La sperimentazione ha preso il via in un panificio industriale utilizzando semola, integrata con modeste percentuali di crusca facilmente digeribile, come cruschello e tritello, e una quantità variabile dall’1,5 al 2% di fibre di agrumi (arancia rossa e limone). Dal punto di vista chimico-fisico e microbiologico, le fibre non hanno avuto alcun impatto sulla conservabilità del pane e su altri parametri come: volume, peso e struttura.

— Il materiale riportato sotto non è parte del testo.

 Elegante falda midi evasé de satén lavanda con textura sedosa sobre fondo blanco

Dal punto di vista sensoriale il pane presenta un leggero aroma di agrumi senza retrogusti. La novità è che il sistema permette di produrre pane di grano duro “ad alto contenuto di fibre”, con una presenza superiore al 6%, senza l’aggiunta della crusca a foglia larga del grano (la frazione più grossolana costituita da fibra insolubile non digeribile). In questo modo si riducono gli effetti negativi che comporta il processo di panificazione del pane integrale venduto al dettaglio (riduzione del volume e dell’altezza, alveolatura interna minore, rugosità della crosta, modifiche del colore e del sapore). A differenza del pane prodotto con uno sfarinato integrale di grano, quello con farina di agrumi preserva le caratteristiche fisiche e sensoriali tradizionali, e ha un maggiore valore nutrizionale.
Il pane con fibre di agrumi è prodotto in pagnotte da 1 kg, e confezionato come mezza pagnotta affettata in atmosfera modificata. Questo permette una conservazione fino a 90 giorni. A questo punto bisogna fare il passo successivo e decidere di iniziare la commercializzazione. Lo studio, realizzato insieme al Dipartimento di Agricoltura Alimentazione e Ambiente dell’Università di Catania, è stato recentemente pubblicato sulla rivista Frontiers in Nutrition.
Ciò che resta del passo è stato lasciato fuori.